India will fall well short of its $9.5 billion privatisation target this year, despite a big stock market rally that has attracted foreign investors, two government sources told Reuters.
Prime Minister Narendra Modi's ambitious selloff agenda has met resistance from labour unions and faces delays because of bureaucratic upheaval caused by a purge of the top team at the finance ministry that handles asset sales.
Officials say a fall in global oil prices will reduce the government's subsidy burden, giving it a greater chance of hitting its ambitious fiscal deficit target of 4.1 per cent of gross domestic product in the fiscal year to March.
But they warn that revenues from share sales could reach just half the target, forcing Modi to take the axe again to spending after he last week banned bureaucrats from flying first class and staying at five-star hotels.
"At the most we could raise Rs 250-300 billion ($4.1-$4.8 billion) from disinvestment this year," one senior finance ministry official with direct knowledge of the matter told Reuters.
India's bloated public sector is a legacy of its Soviet-style planned economy but, despite Modi's pro-business platform, it avoids even using the word "privatisation".
"It's more a divestment model," Finance Minister Arun Jaitley told a World Economic Forum conference on Wednesday, stressing that the state would keep control over strategic state enterprises.
In his maiden budget, Jaitley set a target of raising Rs 584 billion ($9.5 billion) from the sale of shares in companies in which the state has majority and minority stakes.
Yet the government has so far raised Rs 518 million, less than one thousandth of its target, with more than half of the fiscal year gone.
The budget assumes that sell-off proceeds will generate 5.6 per cent of total revenues.
"Given the sluggish growth of tax revenues in (the) first half of 2014/15, meeting the disinvestment target would be crucial to ensure that the fiscal deficit remains in line with the budgeted level," said Aditi Nayar, an economist at ICRA, the Indian arm of rating agency Moody's.
BANNER SALE
The government is in the final stages of preparing its first major sale to raise about $2.8 billion from a 5 per cent stake in energy explorer Oil and Natural Gas Corporation, two sources told Reuters on Wednesday.
The Cabinet has already given approval to sell a 10 per cent stake in Coal India that could help raise nearly $3 billion, besides shares in power producer NHPC and Steel Authority of India.
But it faces opposition from trade unions to the Coal India sale, amid a power crisis caused by chronic shortfalls in production.
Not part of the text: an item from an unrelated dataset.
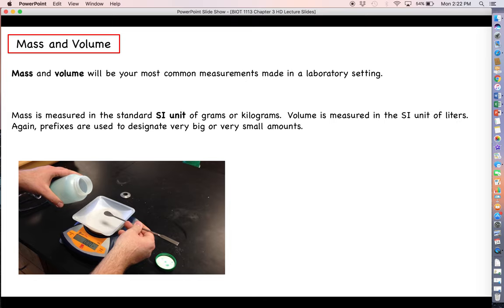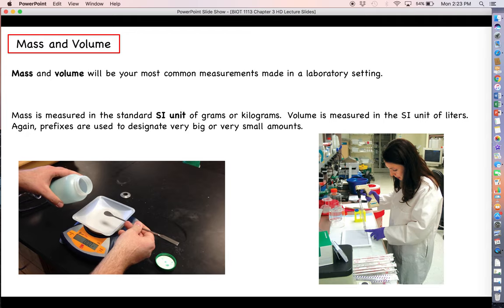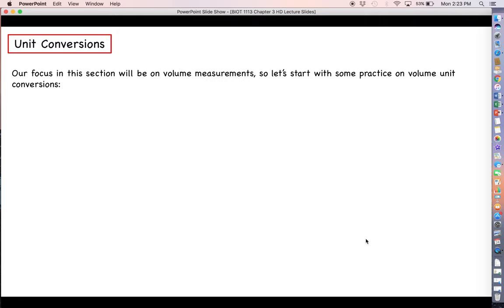Mass is usually measured by an analytical balance or other type of scale. In this picture you can see someone weighing out a particular amount of a solid, using a plastic weigh boat to contain the solid. The analytical balance tells us how many grams or milligrams are being weighed. Volumes are typically dispensed in several ways; here you see a 50 milliliter serological pipette. This operator can pull a certain volume of liquid into the pipette using a motorized pump, then dispense it into another container.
Over 400,000 Coal India employees, who blocked the previous government's attempt to sell a 10 per cent stake, have threatened to strike on November 24 against privatisation.
"Employees do not want privatisation because it will encourage plundering of mines and push the workers back into slavery," said Jibon Roy, general secretary, All India Coal Workers Federation.
The government's plans to raise Rs 150 billion by selling its minority stakes in Hindustan Zinc and BALCO face a legal challenge from trade unions that have gone to the Supreme Court.
"I see no possibility of share sales in Hindustan Zinc and BALCO this fiscal year," said another senior finance ministry official with knowledge of the matter.
Officials worry that a shortfall in proceeds from share sales and lower tax collections due to the weak economic recovery could force them to cut budgeted spending again.
"The situation is not as bad as last year, but we may need expenditure cuts, maybe of Rs 200-250 billion," said the first source, adding there could be savings in capital spending as some ministries were unable to spend allocated funds.
In the last four years, India has raised 758 billion rupees against a budgeted target of Rs 1.5 trillion from the share sale programme.